January 2025
·
12 Reads
International Journal on Homelessness
Although nearly 600,000 people experience homelessness in the United States (U.S) every year, efforts to address this public health crisis are limited by the underperformance of standard methods to estimate localized and nationwide homelessness. Recent studies suggest social media activity can function as a proxy for measures of state-level public health, detectable through straightforward applications of natural language processing. We present the results of our efforts to apply this approach to estimate homelessness at the state level throughout the US during the period 2010-2019 and 2022 using a dataset of roughly 1 million geotagged tweets containing the substring “homeless.” Correlations between homelessness-related tweet counts and ranked per capita homelessness volume, but not general-population densities, suggest a relationship between the likelihood of Twitter users to personally encounter or observe homelessness in their everyday lives and their likelihood to communicate about it online.
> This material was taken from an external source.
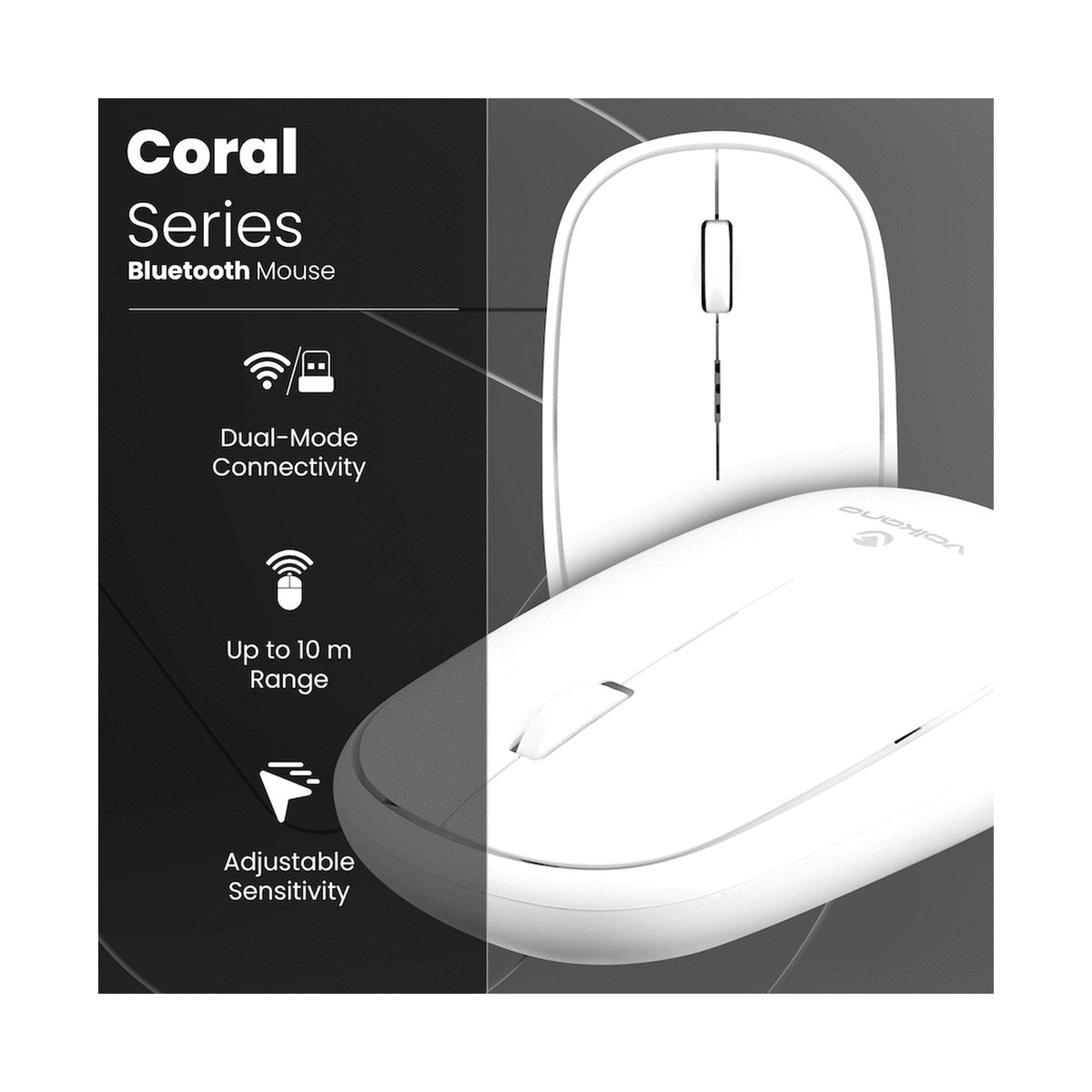 Volkano Coral series Bluetooth Wireless Mouse - White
An increase in the log-odds of the word “homeless” appearing in an English-language tweet, as well as an acceleration in the increase in average tweet sentiment, suggest that tweets about homelessness are also affected by trends at the nation-scale. Additionally, changes to the lexical content of tweets over time suggest that reversals to the polarity of national or state-level trends may be detectable through an increase in political or service-sector language over the semantics of charity or direct appeals. While a computational approach to social media analysis may provide a low-cost, real-time dataset rich with information about nationwide and localized impacts of homelessness and homelessness policy, we find that practical issues abound, limiting the potential of social media as a proxy to complement other measures of homelessness.